目的:ロールレタリングと呼ばれる筆記課題を実施し,看護学生の想像活動に関する特性や記述の多様性による共感性の変容の違いを検討することが本研究の目的である.

方法:看護学生118名(第一研究)と75名(第二研究)を対象に,架空の患者と看護師との対話を記述する課題を行い,前後に多次元共感性尺度を測定した.想像活動への親和性の高低でH, L群,記述の多様さを基準に多,少群を設けた.

結果:共感性の合計点や「影響性」因子の低下(H群),他者指向的な情動面の上昇(L群)がみられた.記述が多様であるほど,他者指向的側面が高かった.また記述の少群で「影響性」が低下した.自己指向的な情動面の減少は,記述の幅に関わらずみられた.共感性の認知的側面は変容しなかった.

考察:共感性の低下は,記述の幅が少ない群の自信喪失やストレス対処の表れ,もしくは現実的な落ち着きとして理解された.ロールレタリングの技法の枠組みは,想像が不得手と思われるL群が,他者の情動を感じやすいように補助的に働く可能性が示唆された.豊かな記述ができなくとも,自他の区別を表す結果はみられることも確認された.

Ⅰ.はじめに

看護師が患者に共感的に関わることは,患者が人生の意味を見出すこと,希望をもつこと,苦しみへの対処,痛みや苦しみの表現と関係する(Myhrvold, 2003)と言われている.また看護師は「患者自身の報告に大きく頼ってケアをしなければならない」ため,「共感性や深い理解(intimacy)を通して患者の体験を推測すること」(Kirk, 2007)が必要になる.看護師が患者の個人的な体験を共感的に理解することが,ケアの重要な一要素であると言えよう.

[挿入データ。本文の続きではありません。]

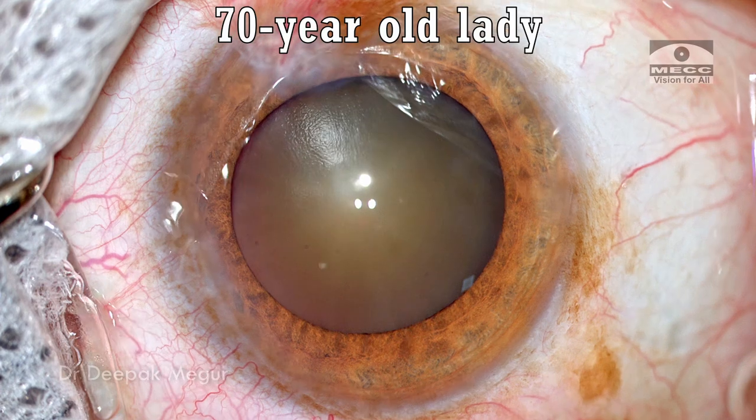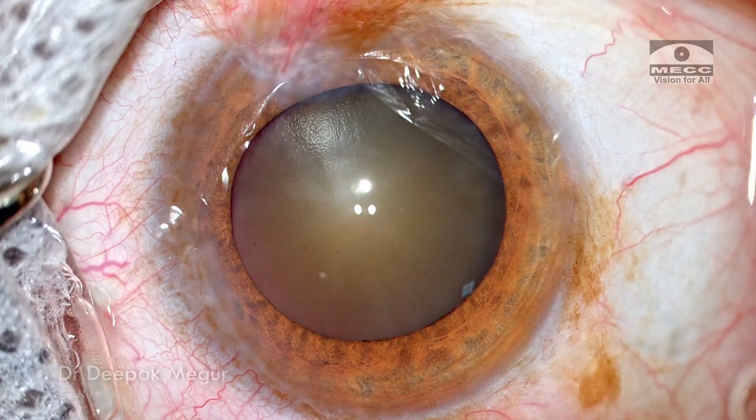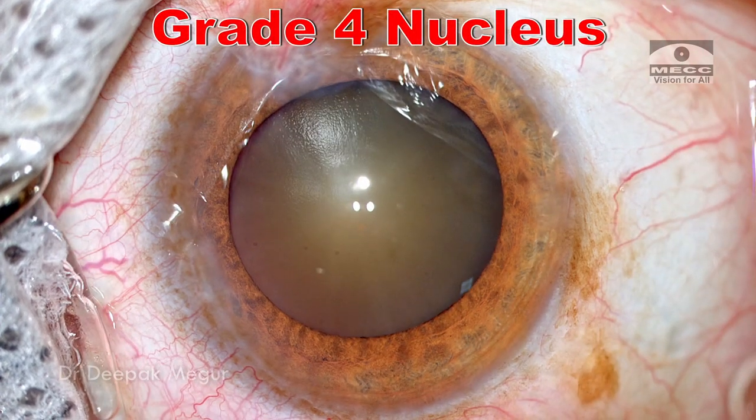She is a 70-year-old lady who has a dense brown cataract, which is approximately grade 4 nuclear sclerosis.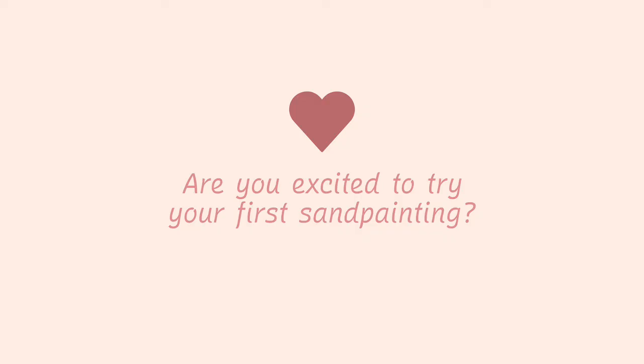Are you excited to try your first sand painting? Please feel free to come back to the comments and share any of the empowering messages that you receive from this healing practice. I can't wait to hear how your experiences are.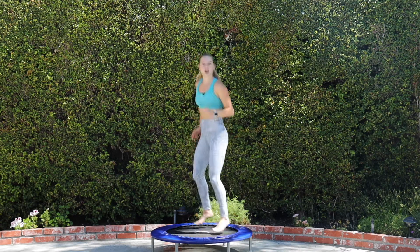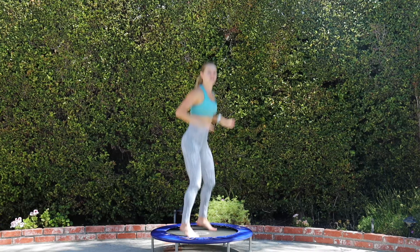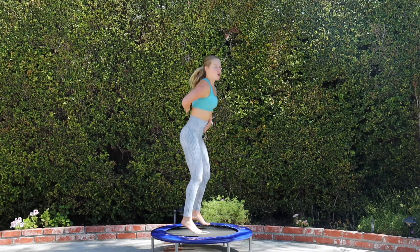Let's talk about form first. So traditionally you're thinking to jump up, but with a workout you want to jump down — like you're stamping your foot through the bottom of the trampoline. We're in an athletic stance, so our abs are in, we have a flat spine and we're leaning slightly forward. Push down and down.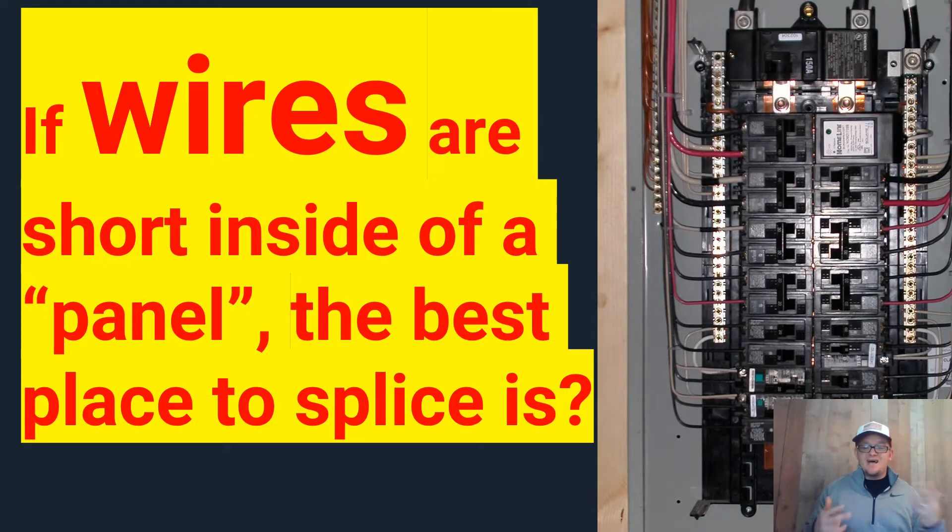So if you pulled that panel out, all you're left with is a box and all you're left with is the junction box codes. So we find ourselves in NEC 314.16B1 and we're dealing with conductor box fill, because at this point it's just a box fill issue. If I extend this wire, I've got to watch how many wires I have inside this box.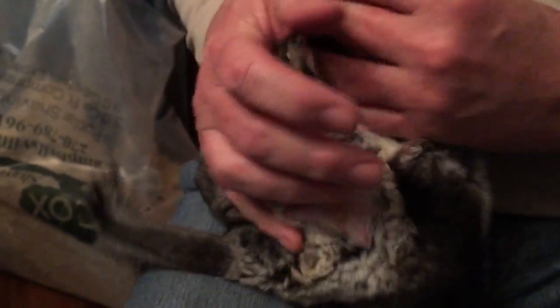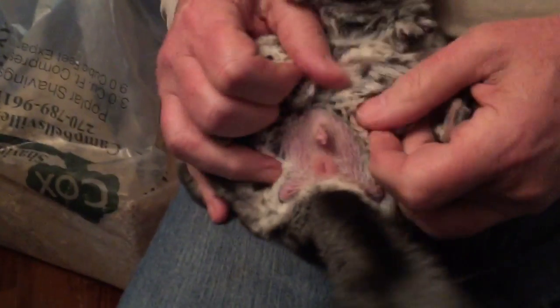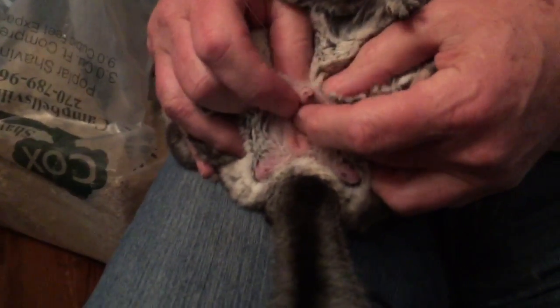I'm going to demonstrate how to check and remove a fur ring from a male. This guy has got one because I already looked to see. Hold him like this, or you can have one person hold while another person checks.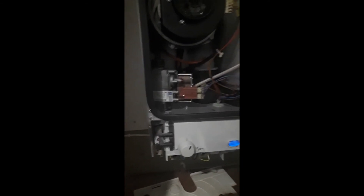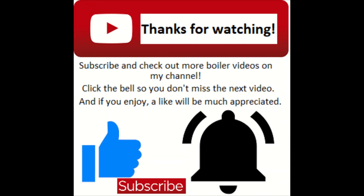That about does it for this episode. If you've enjoyed, don't forget to drop a like. If there's anything you want to see — like how to service a boiler, or a question about a particular boiler, even one I haven't shown yet — leave a comment below and I should get back to you. Cheers folks, stay safe.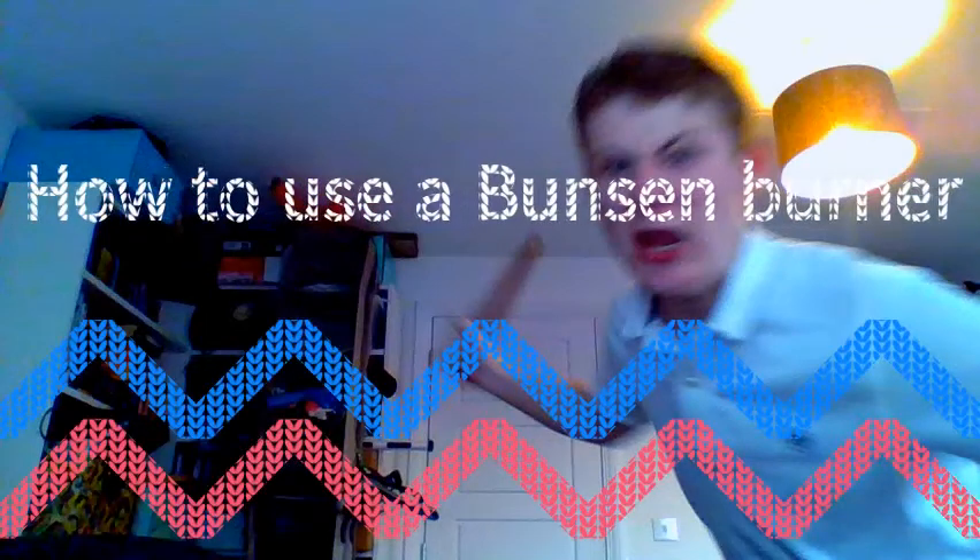Hello there. Hey guys, it's Crow, back with another video, and today I'm going to be showing you how to use a Bunsen burner. Let's just jump right into it.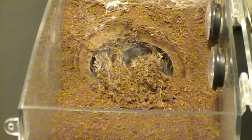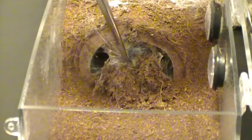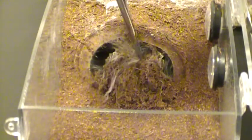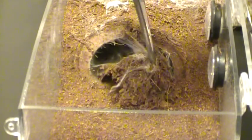Hello everybody. Once again we are going to try to lure out our female OBT. We're going to try to get her out all the way this time so you can see more than just her legs grabbing her food. She's probably not going to be very happy, so we're just gonna have to stay calm and hope that everything goes the way it should.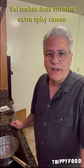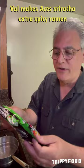Hey boys and girls, it's Uncle Val, your trippy pal, and today we're going to do something a little bit spicy. So these are Ace's brand noodles — sriracha ramen noodles from Hoi Fung, the people who do the sriracha that you're familiar with. These are supposedly extra spicy.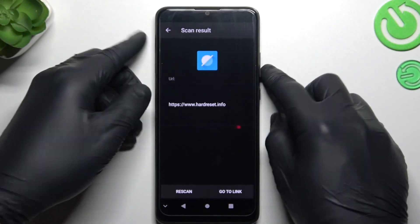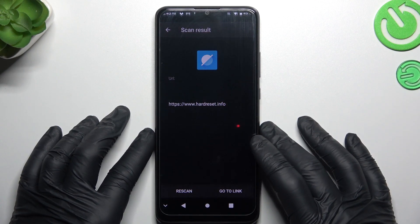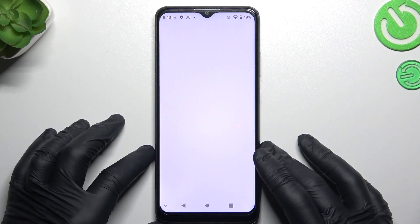As you can see, the address appears automatically, and now we can tap on the 'Go to Link' button to open this address in the web browser directly from the camera app.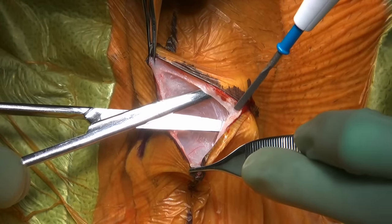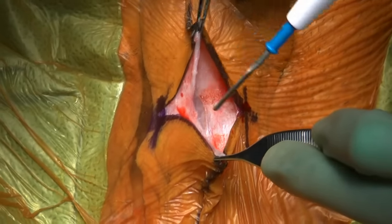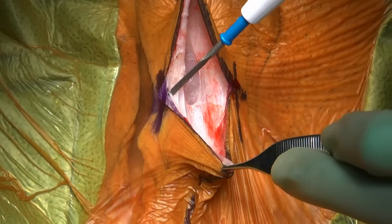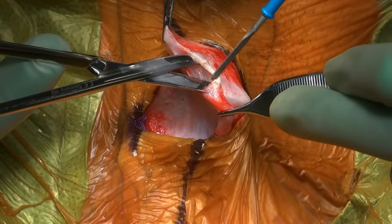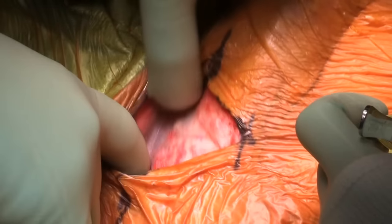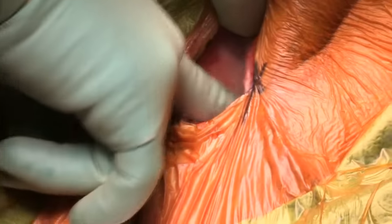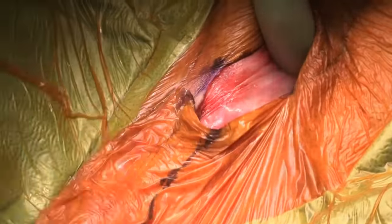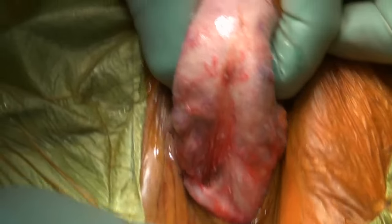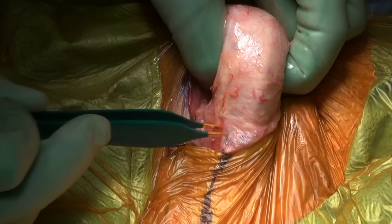Identification of appropriate tissue planes makes the dissection easy, and we only divide necessary tissue to avoid postoperative swelling and pain. The scrotal contents are pushed down with gentle blunt dissection. The penis is then elevated out of the wound on gentle stretch, and any remaining crossing veins or connective tissue may be dissected caudally.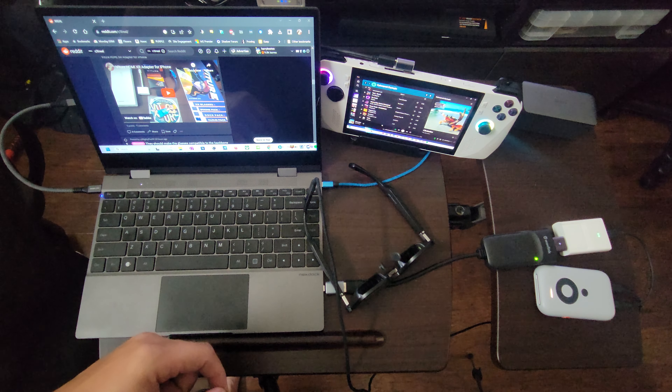All this hardware is pretty light and small. It packs up very nicely in a backpack, so you can take this anywhere you want for the ultimate portable work and play setup.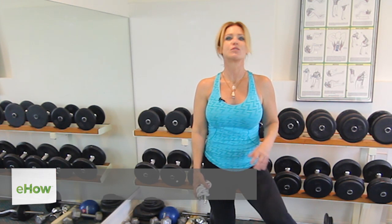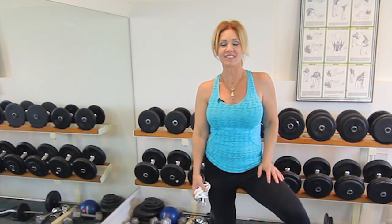Hi, my name is Janet. I'm a trainer with Metamorphosis and today I'm going to share with you some cardio exercises you can do before your strength training.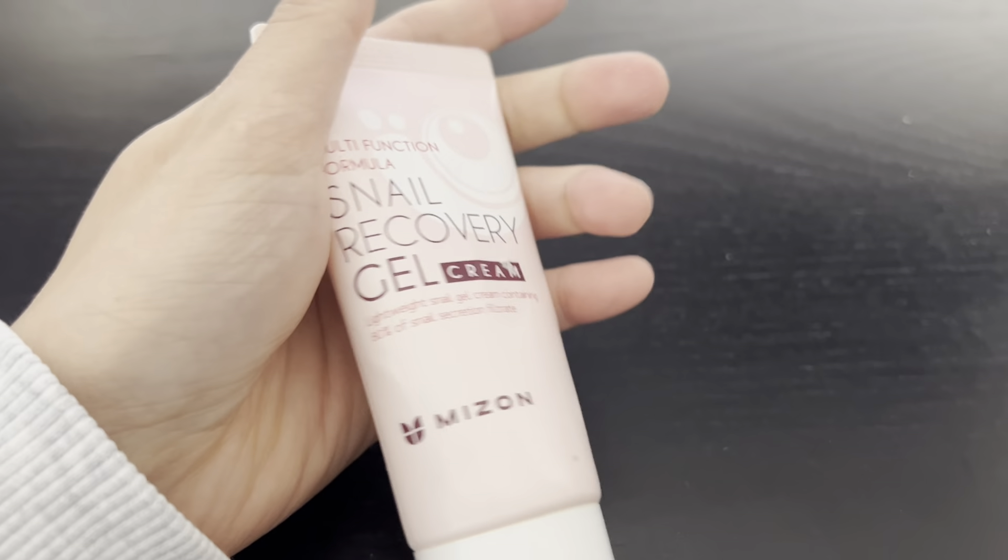The product is also lightweight, so it feels very nice when you apply it on your face. I use this both day and night, and it feels great. I'm going to continue using it.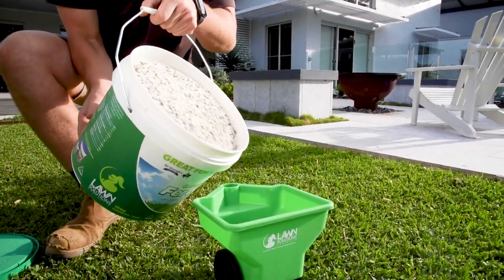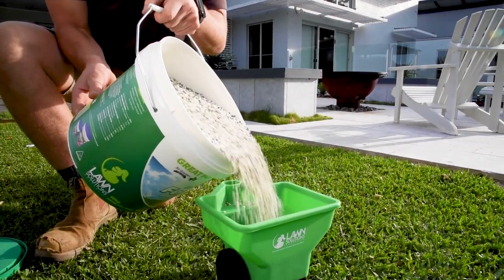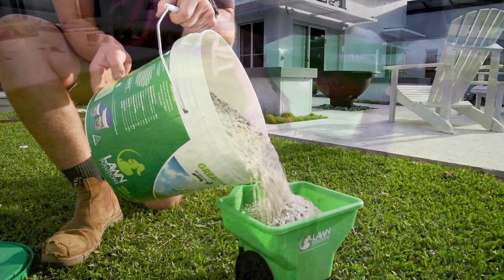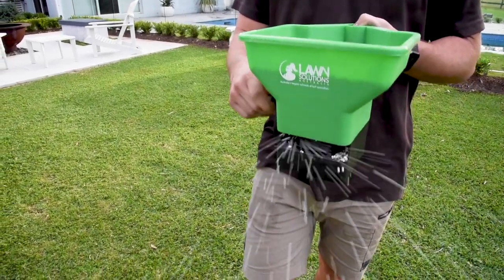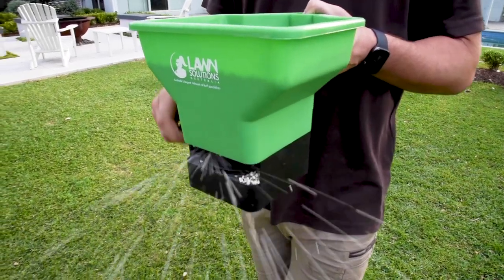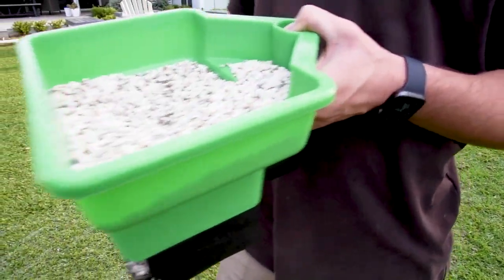While liquid fertilizers are great for a quick boost of nutrient or during times of stress, it's important to consider longer-term health as well. This is why we recommend that you use a granular slow-release fertilizer like Lawn Solutions Fertilizer three to four times a year, as this will help to maintain the overall health of your lawn for longer periods.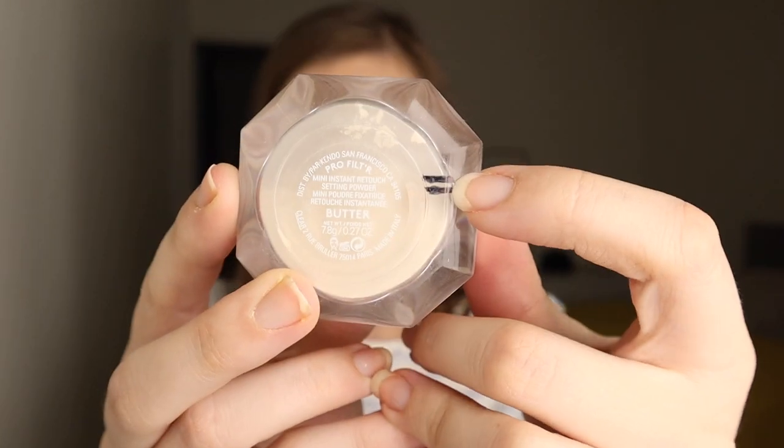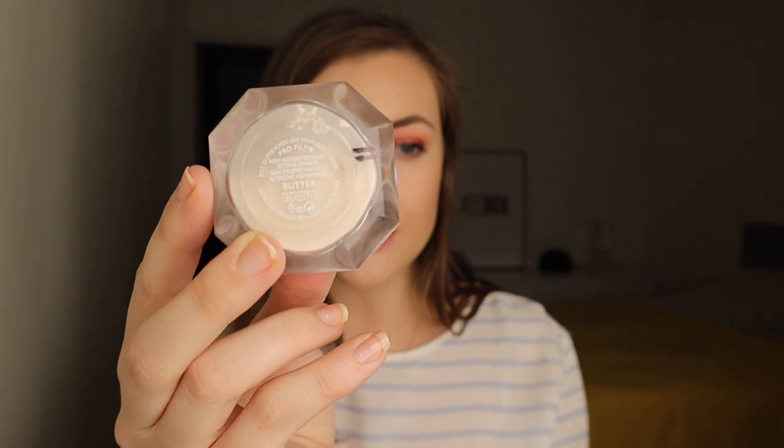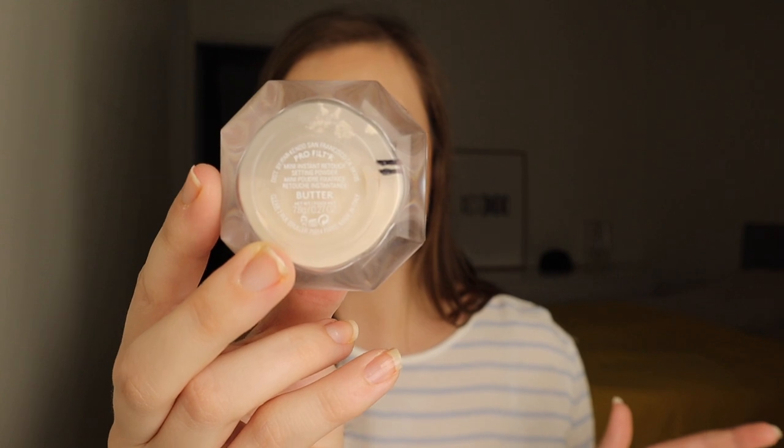For my Love It category, I chose the Fenty Beauty Pro Filter Mini Instant Retouch Setting Powder in the color Butter. I have two lines on my tracking paper — the first one is last month and the second is now. I've used this one 22 times, and those two lines are so close together. That's how little powder I use under my eyes, so this will take a lot longer than I thought. I expected a mini powder to go quickly, but I was wrong.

看護を学ぶ1年生も共感することの必要性を自覚している(e.g., 辻野ら,2005)が,かねてから看護学生に共感性をしっかりと教える難しさが指摘されている.Price & Archbold(1997)は「共感性とは成熟するにつれて育つ天性の(natural)能力やあり方」であり「スキルを教えられても,それをいかに援助のプロセスにあわせていくかに気づかなければならない」と問題提起をしている.つまり真の共感性の教育のためには,天性の能力と言われる個人特性やスキルを援助プロセスの対話の中で表現していく努力を考慮する必要があると言えよう.

共感性をどの程度身につけたかの評価は,一次元的に行えるものではない.Rogers(1957)が治療的な人格変容のための必要十分条件として挙げた共感的理解は,現在では「認知的,感情的,身体的な要素などが全て絡みあった多次元的な構成概念」(Cooper, 2001)として理解されている.また共感的理解は,それが最低限相手に伝わること(Rogers, 1957)が必要であり,関係性も重要な要素である.共感性とは,このような共感的理解を支える個人内の諸要素であると考えられる.共感性も共感的理解と同様に,認知的側面,情動的側面などの多次元で捉えられることが確認されている(Davis, 1994).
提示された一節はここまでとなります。